In her lifetime, Olley staged more than 90 solo exhibitions, donated millions of dollars to the Art Gallery of NSW and the National Gallery of Australia for the purchase of other artists’ works, and championed some of the next generation’s leading artists, including Ben Quilty, Cressida Campbell and Nicholas Harding.
She was also a favourite subject of many of her contemporaries, with her portraits by Jeffrey Smart, Russell Drysdale and William Dobell, along with Quilty’s, etched in the public consciousness. Being a painter of still life and interiors herself, Olley never won the Archibald prize, but has the unique distinction of being the subject of an Archibald prize-winning portrait twice, with a 63-year span in between Dobell’s work of the young artist in straw hat and borrowed silk wedding gown, and Quilty’s gritty closeup, which won the same year as her death.
“I’m like an old tree dying and setting forth flowers as fast as it can, while it still can,” she told Quilty, of her prolific output which continued to the very end.
As Bacon prepares for next week’s opening, he is in mourning for another close friend, Barry Humphries, of whose trust the gallerist is also an executor. When Olley and Humphries were both named among Australia’s original 100 living treasures by the National Trust in 1997, Bacon had known the pair, who were close friends, for three decades.
And of the many Olley exhibitions Bacon mounted in London over the years, Humphries was invariably on hand to open them. “Barry was a big star [in London] and he would always do a wonderful poem or something for Margaret, and people would come out in their droves for an opening. They might never have heard of Margaret Olley but they’d certainly heard of Dame Edna Everage.”
Olley was a woman who demanded of others no more than she would demand from herself, which was considerable, Bacon recalls. She fought and won a battle with alcoholism – she was fond of describing herself as a “nonpractising alcoholic” – and supported Humphries in his path towards sobriety. She scolded Quilty for his “ugly” paintings exploring themes of addiction, masculinity and politics and pleaded with him to start painting something “beautiful”.
“She disapproved of a lot of Ben’s angst-ridden, ‘ugly’ paintings and used to say to him, ‘You’ve got to stop that, you can’t save the world,’” Bacon recalls. “Well, Ben didn’t stop it but that never affected their friendship.”
“Margaret could be pretty tough on people, she would never take the easy way conversationally … and her political views could be quite rightwing,” says Bacon.
“She didn’t approve of government handouts at all, she didn’t expect to be helped by government and didn’t see why anyone else should be. But then she was happy to help younger artists where she could and that’s where her marvellous philanthropy came in.”
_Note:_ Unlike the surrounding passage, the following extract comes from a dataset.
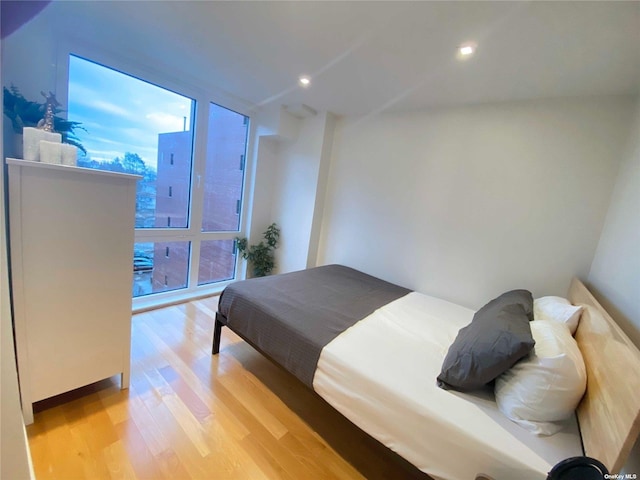 4223 Parsons Blvd Unit 1E, Flushing, NY 11355 - bedroom with light wood-type flooring and recessed lighting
Olley would buy up works from young unknown Australian artists such as Campbell and Harding and over the years became a munificent benefactor, with her cash donations enabling the AGNSW and the NGA to acquire works by Degas, Cézanne, Freud, Matisse, Picasso and her own favourite still life master Giorgio Morandi.
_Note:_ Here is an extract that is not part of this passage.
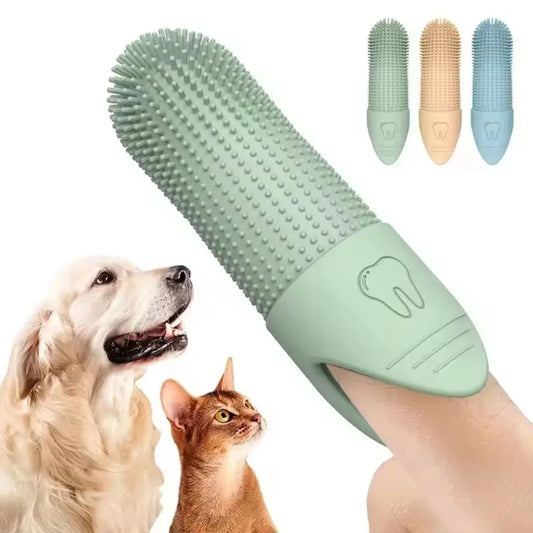 Silicone Finger Toothbrush For Dogs And Cats Dental Care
The millions of dollars given away were more likely to have come from her savvy property deals than through her art sales. For a youngish single woman with an erratic income, Olley acquired an impressive property portfolio in Newcastle; according to Bacon, she managed to secure loans by bank-hopping along Hunter Street, securing a mortgage for one property from one bank in the morning, and another for a different property from a different bank after lunch.
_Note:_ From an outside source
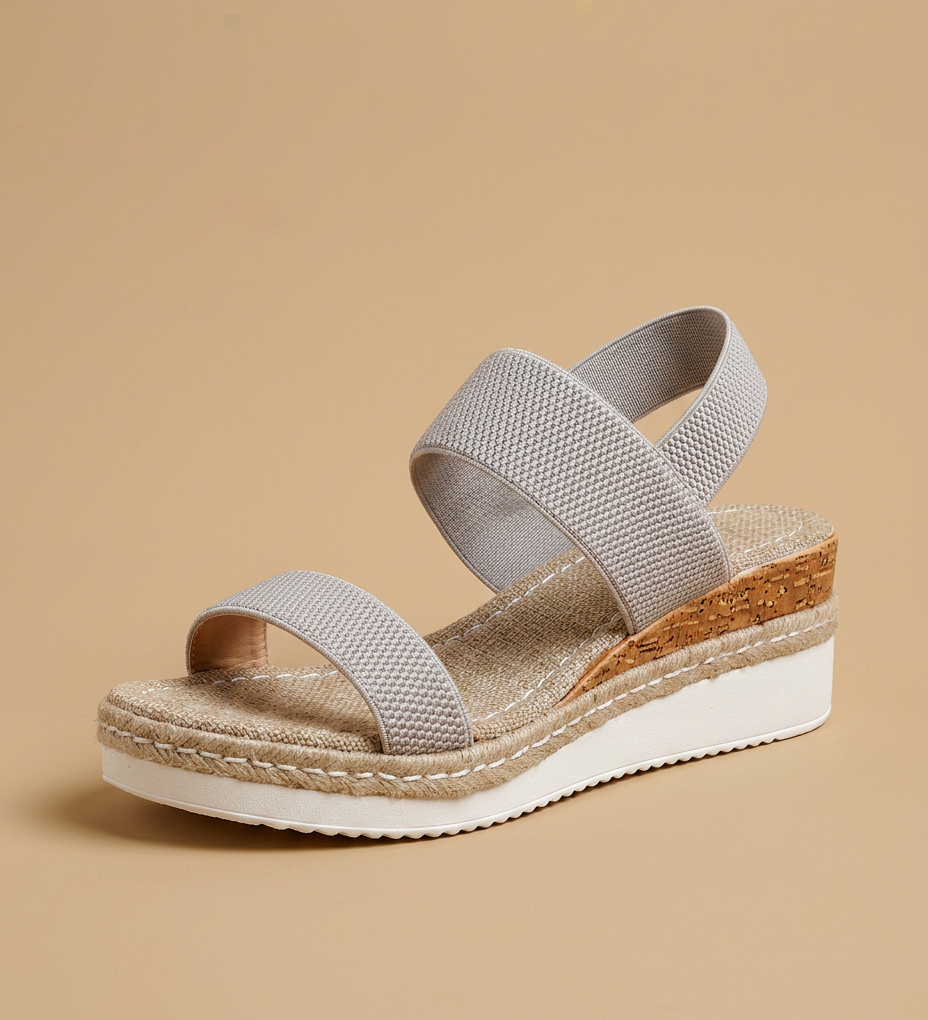 Sandalias Plataforma Espadrille Knit Elástico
Yet she lived frugally. Art – making it and buying others’ – was her only extravagance.
“It’s what she lived for, and what she died doing,” says Bacon. There were several unfinished works in her Paddington Terrace the night she died in her sleep, on 26 July 2011.
“Her legacy will live on, of course, through her generosity,” says Bacon. “But what history will remember best is her life-affirming paintings, full of colour, joy and love.”
Margaret Olley: 100 Years opens at Philip Bacon Gallery, Brisbane on 20 June and runs until 15 July.